Il s’appelait Samuel Dickstein, élu démocrate de Manhattan qui a créé le prototype du Comité en 1934 comme moyen de traquer les nazis locaux. Sa campagne contre la propagation du fascisme américain et son poste d’après-guerre comme juge à New York, sont honorés par une collection commémorative de ses écrits dans les Archives des Juifs Américains.
Mais pour le NKVD ( précurseur du KGB), Dickstein était un homme important, bien que dérangeant, un agent qui, à cause de ses penchants mercenaires, mérita le nom de code « Crook » (Escroc). Pendant seulement un peu plus de deux ans, à la veille de la seconde guerre mondiale, ses contacts pensaient qu’il valait son pesant d’or. Ce fut la seule fois, et autant qu’on le sache, la dernière, que les maîtres soviétiques de l’espionnage ont réussi à « acheter » un membre du Congrès.

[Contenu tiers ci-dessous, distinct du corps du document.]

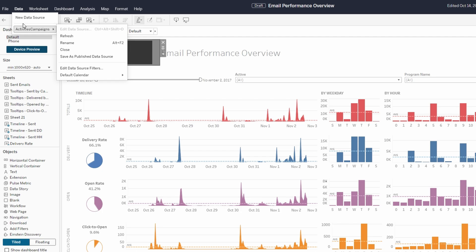Refreshing extracts on Tableau Server can optimize performance by processing only the necessary data, ensuring faster interactions with your dashboards.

La carrière d’espion de Dickstein a été révélée aujourd’hui au grand jour grâce à un accord passé par les éditeurs américains Random House avec un réseau de « vieux briscards » du KGB, l’Association des Officiers Retraités du KGB. En échange d’un gros paiement cash, deux chercheurs, Allen Weinstein, expert en espionnage américain, et Alexandre Vassiliev, un agent russe en retraite, ont eu environ deux années, entre 1994 et 1996 pour fouiller dans un tas de dossiers du KGB. Ils ont été alors en mesure de comparer ce qu’ils avaient trouvé avec les interceptions américaines des communications de renseignements soviétiques de l’époque.

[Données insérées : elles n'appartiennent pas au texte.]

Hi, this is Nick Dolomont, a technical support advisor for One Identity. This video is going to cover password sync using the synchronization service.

Dans leur livre, The Haunted Wood, Weinstein et Vassiliev décrivent une Amérique inusuelle, où certains des plus riches et des plus brillants de l’ère New Deal ont rivalisé pour espionner pour le compte de Staline. Ce fut le point culminant de la gauche américaine. The Haunted Wood décrit un monde où : « Des communistes déclarés ou cachés, des socialistes démocratiques, des ouvriers agricoles militants, et les démocrates fidèles à Roosevelt ont trouvé un terrain d’entente au sein des nombreuses nouvelles agences et des anciens ministères du gouvernement de FDR (Franklin Delano Roosevelt) ». Les espions qui ont poussé dans ce ferment sont apparus sous de nombreuses formes. À côté de Dickstein, qui vendait ses services principalement pour de l’argent, il y avait des mordus égalitaristes de la politique du New Deal, devenus espions par conviction antifasciste, et la fille de l’ambassadeur américain à Berlin, qui le faisait pour l’amour et le sexe.
Un autre traître démasqué par Weinstein et Vassiliev est Lawrence Duggan, chef de la section sud-américaine du département d’État de Roosevelt, qui apparemment mourrait d’envie de porter un coup secret en faveur du socialisme.

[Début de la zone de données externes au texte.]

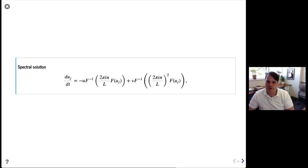Hopefully this is a helpful crash course and introduction to using spectral methods. Let me know if you have comments on how we can make it better. Thanks for your time — happy computing!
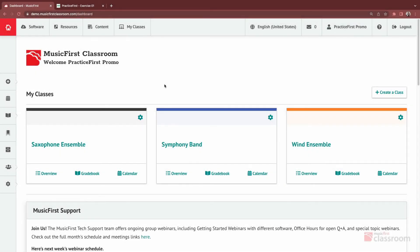In this video, we're going to dive into some of the basic features of Practice First. Check out the video titled Creating Assignments Using Practice First to see how you can utilize these features with your students.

Selon Boris Bazarov, chef de la section de Washington, Duggan a dit à ses contacts soviétiques : « La seule chose qui l’a maintenu à son poste détestable au département d’Etat où il n’est pas sorti de son smoking pendant deux semaines, assistant tous les soirs à une réception, c’était l’idée d’être utile à notre cause ». D’après les documents du NKVD, Duggan se présentait comme un membre typique d’un groupe substantiel de jeunes intellectuels américains, qui comprenaient Alger Hiss, une autre étoile montante du département d’État à la fin des années 30. Leur foi en « l’american way of life » avait été ébranlée par le crash de Wall Street et la Dépression, et ils voyaient l’Union Soviétique comme le plus efficace et dernier bastion contre Hitler.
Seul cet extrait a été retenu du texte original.